The Atlantic Hotel is a splendiferous setting for Trina, which opened last June. The long outdoor patio faces the ocean, wafting cool salt breezes: exactly right for a menu loosely based on Pintabona's Sicilian heritage. The owner and his chef de cuisine, Mike Coldrick, take the foods of Sicily and compose variations, drawing on influences that range from memories of Pintabona's childhood kitchen, where his mother and grandmother stuffed artichokes and pounded out braciola, to his formal apprenticeships with French superchefs Daniel Boulud and Georges Blanc, to remote travels in Burma, where he learned to cook iguana. There's no iguana on the menu at Trina, but if there were, you can bet Pintabona would make it taste damned good.
The globetrotting superchef says he'd been kicking around the idea for Trina for a while, but he'd planned to open it in New York. When Starwood Hotels and Resorts, which runs the Atlantic, approached him a couple of years ago about doing an upscale restaurant, Pintabona jumped on it. "I thought [Trina] was the perfect concept for this place," he says.
It is. South Florida and Sicily share more than just a magnetic attraction for mafiosi. Both are surrounded by water. Both have been historically subject to invasions -- from Spaniards to snowbirds. Both are places where wildly different cultures clash, converge, or make peace with one another -- Cuban Republican and liberal New York Jew, Norman and Phoenician.
"Sicily is the epicenter for Mediterranean influences," Pintabona told me when I called him at home in New York, where he spends about half his time now. "As you travel through Sicily, you see that the food, architecture, music, and customs have been influenced by North Africa, Arabia, Central Europe, France, the Romans, the Greeks. That's what's always intrigued me about the island." This polyglot heritage is the backbone of Trina's menu, and the three seas that surround Sicily (the Ionian, the Tyrrhenian, and the Sicilian) keep the focus on seafood.
Even if you just drop by the bar for a quick bite, you're going to face tough choices. Scallops grilled on lavender skewers and served with rock shrimp and white beans ($10)? Chickpea fried calamari dipped in cracked pepper aioli ($11)? Or marinated, grilled octopus with potatoes, sherry vinegar, and oregano ($10)? We had the octopus, lightly charred, tender, running up and down the flavor and texture scales like a virtuoso -- bitter greeniness of oregano, sweet flesh of the cephalopod, tang of vinegar, softness of potato, crunch of croutons. It was divine.
But I left the bulk of this appetizer to my dinner partner, who'd set up barricades with the bread basket to protect her meal from incursions. I was still "experiencing" my soup. It was a special, and since Pintabona regularly revamps the menu, I can't promise you'll get to try it.
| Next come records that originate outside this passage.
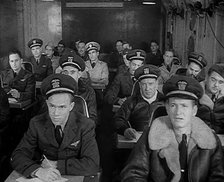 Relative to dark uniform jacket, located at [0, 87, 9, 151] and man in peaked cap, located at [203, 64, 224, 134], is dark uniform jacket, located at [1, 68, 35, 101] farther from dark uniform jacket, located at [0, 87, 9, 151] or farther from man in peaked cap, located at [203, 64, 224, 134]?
man in peaked cap, located at [203, 64, 224, 134]

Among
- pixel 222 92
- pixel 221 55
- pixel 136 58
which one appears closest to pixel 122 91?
pixel 136 58

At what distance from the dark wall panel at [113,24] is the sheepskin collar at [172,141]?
1177 cm

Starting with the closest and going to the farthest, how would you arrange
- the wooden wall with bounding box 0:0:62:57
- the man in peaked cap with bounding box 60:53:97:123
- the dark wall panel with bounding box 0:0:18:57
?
the man in peaked cap with bounding box 60:53:97:123, the dark wall panel with bounding box 0:0:18:57, the wooden wall with bounding box 0:0:62:57

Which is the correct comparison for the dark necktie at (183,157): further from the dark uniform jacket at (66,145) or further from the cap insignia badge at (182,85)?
the dark uniform jacket at (66,145)

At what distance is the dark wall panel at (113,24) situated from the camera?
14414mm

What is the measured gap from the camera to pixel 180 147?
9.44 ft

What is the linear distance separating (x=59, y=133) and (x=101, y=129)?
3994 mm

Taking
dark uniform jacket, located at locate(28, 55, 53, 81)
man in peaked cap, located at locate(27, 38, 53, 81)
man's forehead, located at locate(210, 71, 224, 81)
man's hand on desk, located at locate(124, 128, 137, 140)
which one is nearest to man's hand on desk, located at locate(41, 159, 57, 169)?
man's hand on desk, located at locate(124, 128, 137, 140)

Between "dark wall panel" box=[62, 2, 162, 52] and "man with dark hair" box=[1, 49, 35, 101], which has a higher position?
"dark wall panel" box=[62, 2, 162, 52]

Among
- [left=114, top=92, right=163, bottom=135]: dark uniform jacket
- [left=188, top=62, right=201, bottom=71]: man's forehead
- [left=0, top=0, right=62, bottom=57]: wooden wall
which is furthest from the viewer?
[left=0, top=0, right=62, bottom=57]: wooden wall

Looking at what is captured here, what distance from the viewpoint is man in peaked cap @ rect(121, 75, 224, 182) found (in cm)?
284

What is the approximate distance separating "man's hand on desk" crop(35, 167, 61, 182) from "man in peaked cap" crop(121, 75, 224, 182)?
0.55 m

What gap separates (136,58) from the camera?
22.6ft

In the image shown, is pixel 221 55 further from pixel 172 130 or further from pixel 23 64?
pixel 172 130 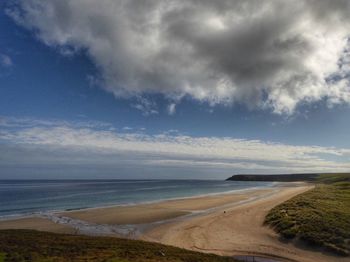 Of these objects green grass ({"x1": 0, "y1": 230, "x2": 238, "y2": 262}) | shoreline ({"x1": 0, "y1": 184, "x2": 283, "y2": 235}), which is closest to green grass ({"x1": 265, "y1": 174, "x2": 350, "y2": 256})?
green grass ({"x1": 0, "y1": 230, "x2": 238, "y2": 262})

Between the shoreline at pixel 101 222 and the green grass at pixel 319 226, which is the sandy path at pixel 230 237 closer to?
the green grass at pixel 319 226

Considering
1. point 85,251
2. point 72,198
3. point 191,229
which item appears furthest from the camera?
point 72,198

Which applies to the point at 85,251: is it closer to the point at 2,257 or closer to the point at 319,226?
the point at 2,257

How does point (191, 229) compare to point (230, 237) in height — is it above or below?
above

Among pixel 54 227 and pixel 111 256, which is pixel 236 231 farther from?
pixel 54 227

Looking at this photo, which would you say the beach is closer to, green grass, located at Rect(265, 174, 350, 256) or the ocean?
green grass, located at Rect(265, 174, 350, 256)

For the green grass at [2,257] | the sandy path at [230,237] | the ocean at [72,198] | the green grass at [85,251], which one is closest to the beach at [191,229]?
the sandy path at [230,237]

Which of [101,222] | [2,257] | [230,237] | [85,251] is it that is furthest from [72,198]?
[2,257] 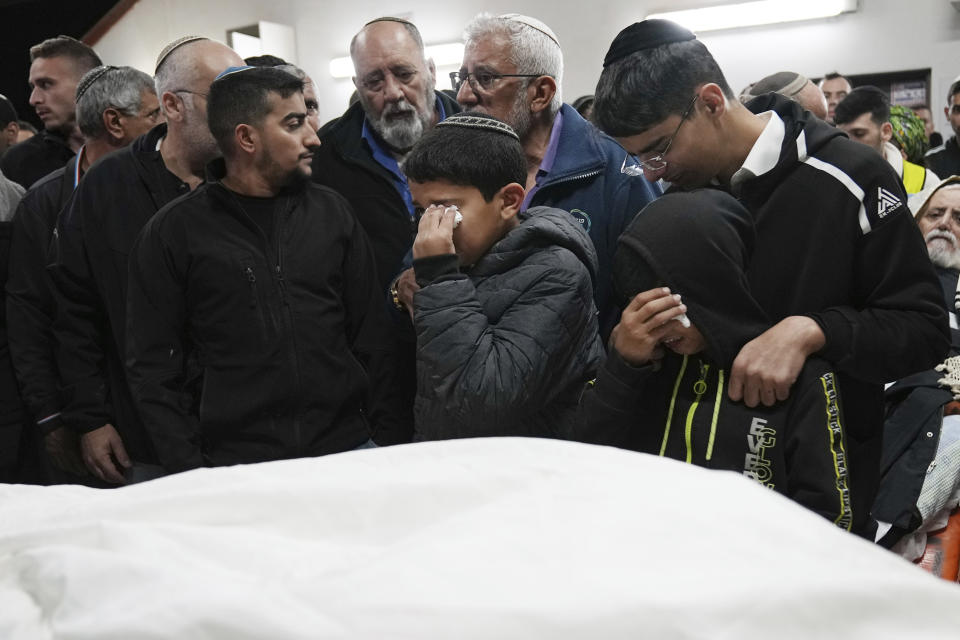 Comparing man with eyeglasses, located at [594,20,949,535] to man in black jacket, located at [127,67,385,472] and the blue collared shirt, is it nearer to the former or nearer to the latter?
man in black jacket, located at [127,67,385,472]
It's a vichyssoise finished with almond milk, scattered with slivered Spanish Marcona almonds and halved red grapes, and decorated with a long, sweet, undulating ribbon of almond cracker. It might be the best soup I've ever eaten. I'm sprung from the loins of a father who has managed to re-create every cold soup ever served on the QE2, so this is rather high praise. I was also raised on vichyssoise; at age 8, my reward for sitting through, say, a four-hour, French-subtitled documentary about the Holocaust with my mother was a trip to Bookbinder's in Philadelphia -- their iced potato soup could somehow soothe the trauma of a full afternoon of Night and Fog. I admit I'd been emotionally primed to love the bowl in front of me. Even so...
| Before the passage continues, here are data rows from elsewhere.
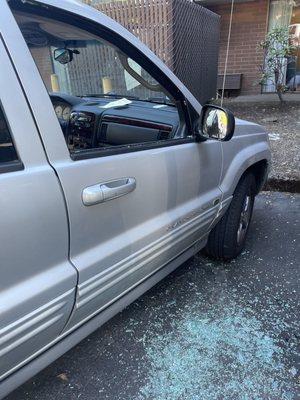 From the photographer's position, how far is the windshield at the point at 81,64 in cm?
160

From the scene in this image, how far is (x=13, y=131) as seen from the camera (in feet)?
4.24

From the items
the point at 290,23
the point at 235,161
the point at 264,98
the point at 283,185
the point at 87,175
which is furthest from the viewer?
the point at 290,23

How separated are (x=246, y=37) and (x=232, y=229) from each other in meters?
8.69

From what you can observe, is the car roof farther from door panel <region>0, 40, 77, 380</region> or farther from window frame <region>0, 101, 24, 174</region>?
window frame <region>0, 101, 24, 174</region>

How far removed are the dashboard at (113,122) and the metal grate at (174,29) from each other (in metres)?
5.60

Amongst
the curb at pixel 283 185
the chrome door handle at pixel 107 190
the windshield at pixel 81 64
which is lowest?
the curb at pixel 283 185

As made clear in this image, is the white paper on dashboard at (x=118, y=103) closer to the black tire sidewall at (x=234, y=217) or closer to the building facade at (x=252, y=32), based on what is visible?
the black tire sidewall at (x=234, y=217)

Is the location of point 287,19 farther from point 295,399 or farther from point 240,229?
point 295,399

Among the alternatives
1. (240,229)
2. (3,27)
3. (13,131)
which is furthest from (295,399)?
(3,27)

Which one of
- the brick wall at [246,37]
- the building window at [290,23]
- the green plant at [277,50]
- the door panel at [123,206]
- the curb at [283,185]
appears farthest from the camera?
the brick wall at [246,37]

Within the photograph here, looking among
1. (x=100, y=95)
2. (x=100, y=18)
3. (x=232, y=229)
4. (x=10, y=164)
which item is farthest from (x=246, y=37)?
Answer: (x=10, y=164)

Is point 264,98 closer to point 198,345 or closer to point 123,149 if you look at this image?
point 198,345

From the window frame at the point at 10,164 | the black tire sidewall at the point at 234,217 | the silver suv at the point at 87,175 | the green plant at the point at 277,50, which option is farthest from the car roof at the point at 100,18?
the green plant at the point at 277,50

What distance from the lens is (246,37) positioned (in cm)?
1009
The bread barricade continued to shrink as my friend used it to sop up the last drops of herb-infused olive oil in her dish. We'd polished off most of this amuse bouche anyway -- spiced olives; extra virgin olive oil; a hummus exuding a faint, unidentifiable sweetness; fennel-raisin bread; focaccia with rosemary; and long crunchy pepper sticks. And I was feeling fine after a Trinatini, the house's signature cocktail (like most drinks on the extensive list, it's mixed with homemade fruit and herbal infusions), a $12 cocktail that reveals itself like a burlesque dancer, saving its sexy pool of lavender-infused syrup for last. We asked our waiter to recommend a glass of wine to go with the ricotta cavatelli pasta ($12 appetizer, $24 entrée). He did -- bringing the bottle to the table and offering a taste before I committed. Nice!
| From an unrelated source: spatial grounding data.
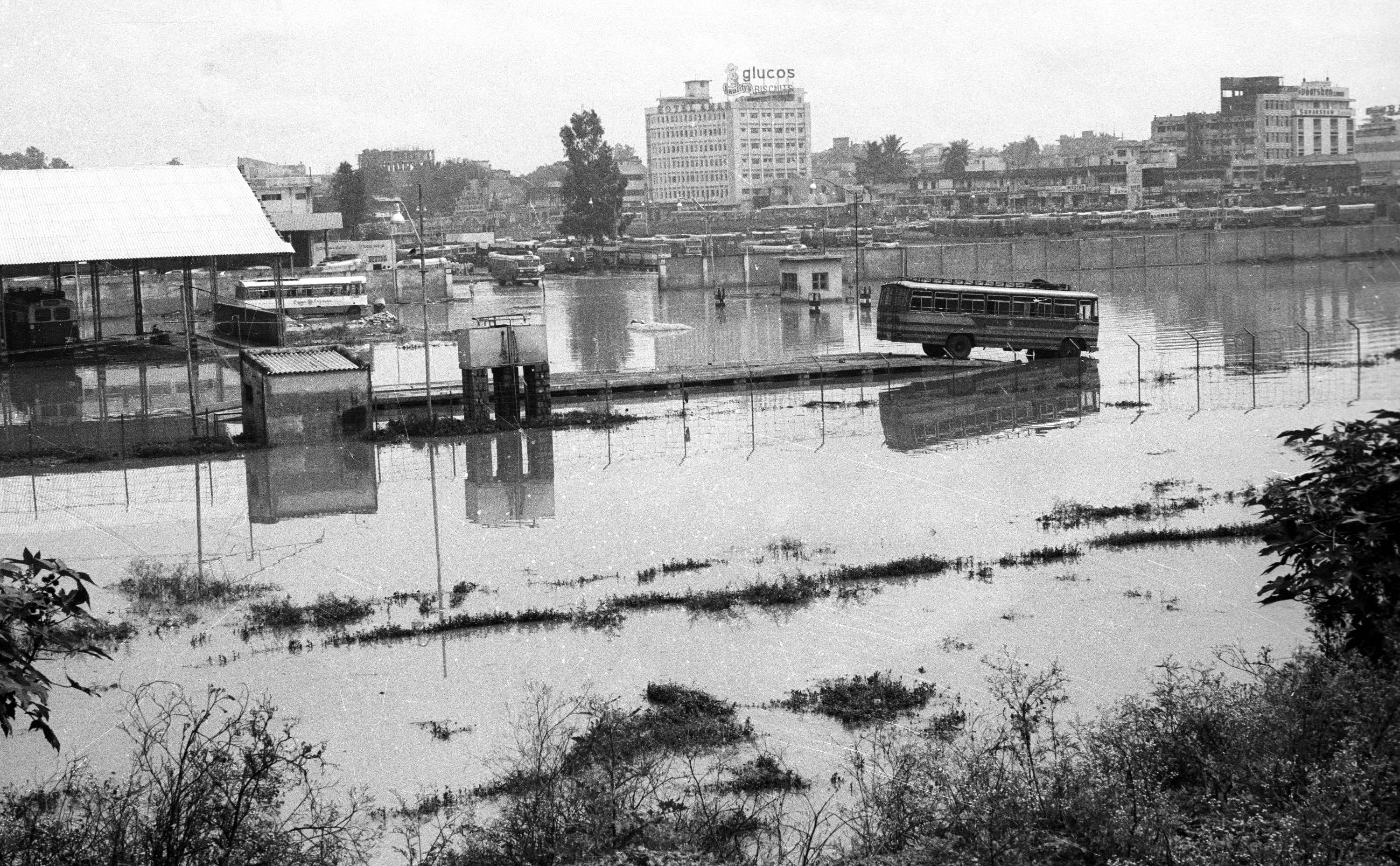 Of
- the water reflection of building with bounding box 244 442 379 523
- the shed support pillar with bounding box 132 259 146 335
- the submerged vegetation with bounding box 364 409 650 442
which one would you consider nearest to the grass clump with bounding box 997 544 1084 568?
the water reflection of building with bounding box 244 442 379 523

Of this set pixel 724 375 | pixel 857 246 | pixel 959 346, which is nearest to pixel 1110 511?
pixel 724 375

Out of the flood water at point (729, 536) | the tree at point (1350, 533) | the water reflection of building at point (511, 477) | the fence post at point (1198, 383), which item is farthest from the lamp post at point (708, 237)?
the tree at point (1350, 533)

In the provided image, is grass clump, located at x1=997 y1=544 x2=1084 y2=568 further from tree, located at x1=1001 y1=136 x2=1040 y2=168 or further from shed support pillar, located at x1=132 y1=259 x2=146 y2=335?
tree, located at x1=1001 y1=136 x2=1040 y2=168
Homemade ricotta cavatelli is one of Pintabona's standards. It appears in his wonderful biographical cookbook, The Shared Table, and at Trina, you might find it served with braised oxtails and horseradish crème fraiche or tossed with wild mushrooms, duck meat, and almond cream sauce, as we did, or presented in some other fanciful elaboration. Mushrooms and duck are always an inspired, earthy pairing; the almond cream pulled the dish off the ground and sent it up into the air. The cavatelli was delicious too, with a pillowy/chewy texture almost like gnocchi. It's a rich dish for an appetizer; I recommend you share if you want to be able to move beyond it.
A plate of pan-roasted diver scallops and sweetbreads ($24) was marginally less thrilling than the appetizers. Sweetbreads are usually the veal's thymus gland, which runs from the throat to the heart; they're tender and white, with a delicate and pleasant, organ-meaty flavor. These were stacked over the big scallops in a tier, the whole held together with a length of bacon. The bacon infused everything with a nice smoky flavor, but the scallops were gritty and the sweetbreads just slightly dry. I doubt if I'd order this dish again. My friend's herb tagliatelle with lobster shellfish broth ($28) came swimming with shrimp, clams, and mussels, a dab of jumbo lump crab meat, and a soothing, buttery broth full of seafaring flavors. She loved it.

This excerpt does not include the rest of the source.